[Try it] Transcribe all of the data verbatim, please, and leave out its pictures.

[Data records]

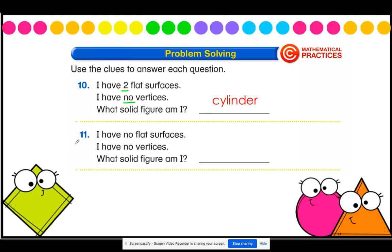Our last question: I have no flat surfaces and I have no vertices. What solid figure am I? Close your eyes and think about all of the different solid shapes that we have learned. Which is the shape that has absolutely no flat surfaces or vertices? Shout out your answer when you're ready. I hope that you said sphere. And that is our practice for today. I hope you found it helpful. If you have any questions, please feel free to reach out and let me know. I'll see you tomorrow, boys and girls. Have a good day. Bye.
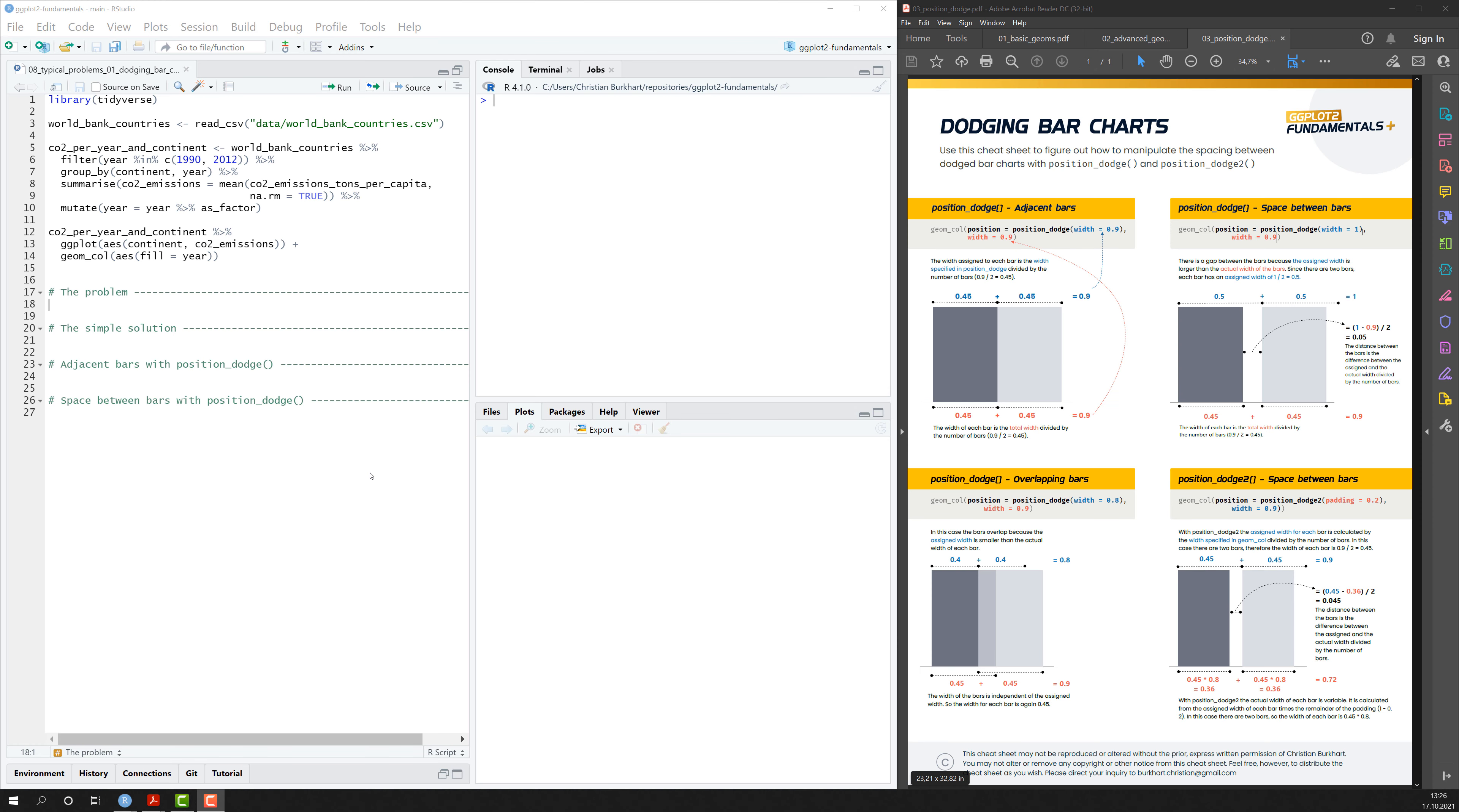Let's talk about another super typical problem that most people working with ggplot2 run into. The problem is dodging bar charts.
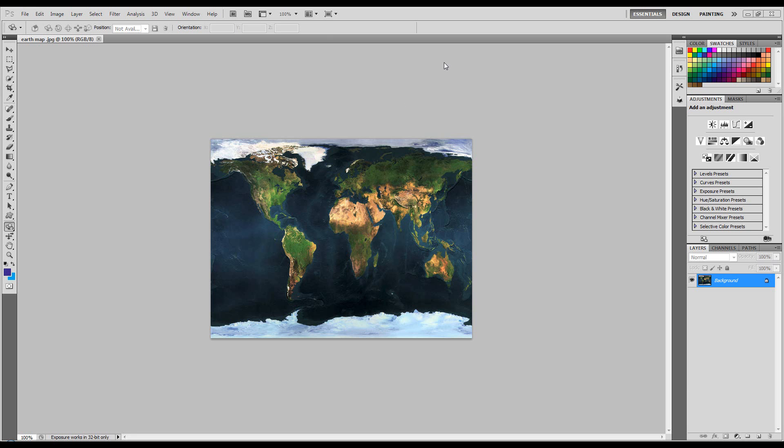Hi, welcome to this Photoshop tutorial. I'm using CS5 Extended and I'm going to show you two ways of creating a spinning earth.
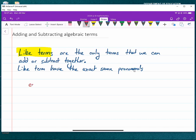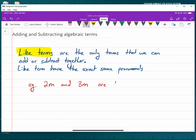For example, if we've got 2m and 3m, these two terms are like terms. It doesn't matter about the 2 or the 3 — the coefficients — all we care about is that the letters are the same. So 2m and 3m are like terms, and therefore we can add them: 2m + 3m = 5m.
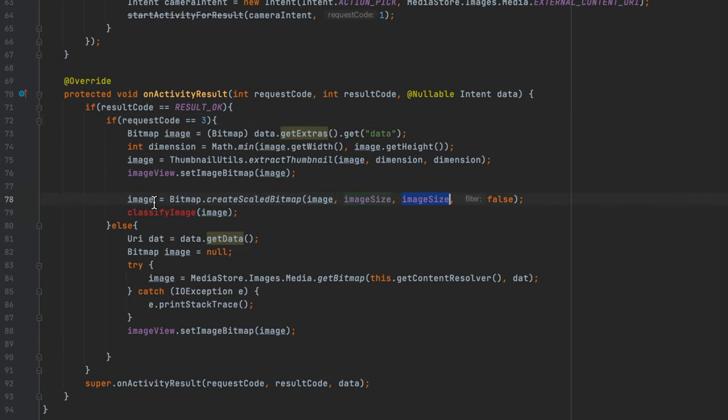We specify the ByteBuffer size as 4 — because that's the number of bytes a float takes up — times imageSize times imageSize — for the number of pixels — times 3, because each pixel has an R, G, and B value. This gives us the size of the image in bytes and we allocate that to our ByteBuffer. We then call byteBuffer.order, and create an int array of size imageSize times imageSize, calling image.getPixels to populate it.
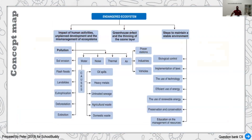Let's recap this chapter. We saw how human activities like deforestation — cutting trees — and burning a lot of fuel cause pollution: water pollution, noise pollution, and air pollution from industries and vehicles. Some of the problems to the ecosystem include soil erosion, flash floods, landslides, and a lot of damages taking place.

[Task output]
Our last question: I have no flat surfaces and I have no vertices. What solid figure am I? Close your eyes and think about all of the different solid shapes that we have learned. Which is the shape that has absolutely no flat surfaces or vertices? Shout out your answer when you're ready. I hope that you said sphere. And that is our practice for today. I hope you found it helpful. If you have any questions, please feel free to reach out and let me know. I'll see you tomorrow, boys and girls. Have a good day. Bye.
Let's talk about another super typical problem that most people working with ggplot2 run into. The problem is dodging bar charts.
Hi, welcome to this Photoshop tutorial. I'm using CS5 Extended and I'm going to show you two ways of creating a spinning earth.
For example, if we've got 2m and 3m, these two terms are like terms. It doesn't matter about the 2 or the 3 — the coefficients — all we care about is that the letters are the same. So 2m and 3m are like terms, and therefore we can add them: 2m + 3m = 5m.
We specify the ByteBuffer size as 4 — because that's the number of bytes a float takes up — times imageSize times imageSize — for the number of pixels — times 3, because each pixel has an R, G, and B value. This gives us the size of the image in bytes and we allocate that to our ByteBuffer. We then call byteBuffer.order, and create an int array of size imageSize times imageSize, calling image.getPixels to populate it.
Let's recap this chapter. We saw how human activities like deforestation — cutting trees — and burning a lot of fuel cause pollution: water pollution, noise pollution, and air pollution from industries and vehicles. Some of the problems to the ecosystem include soil erosion, flash floods, landslides, and a lot of damages taking place.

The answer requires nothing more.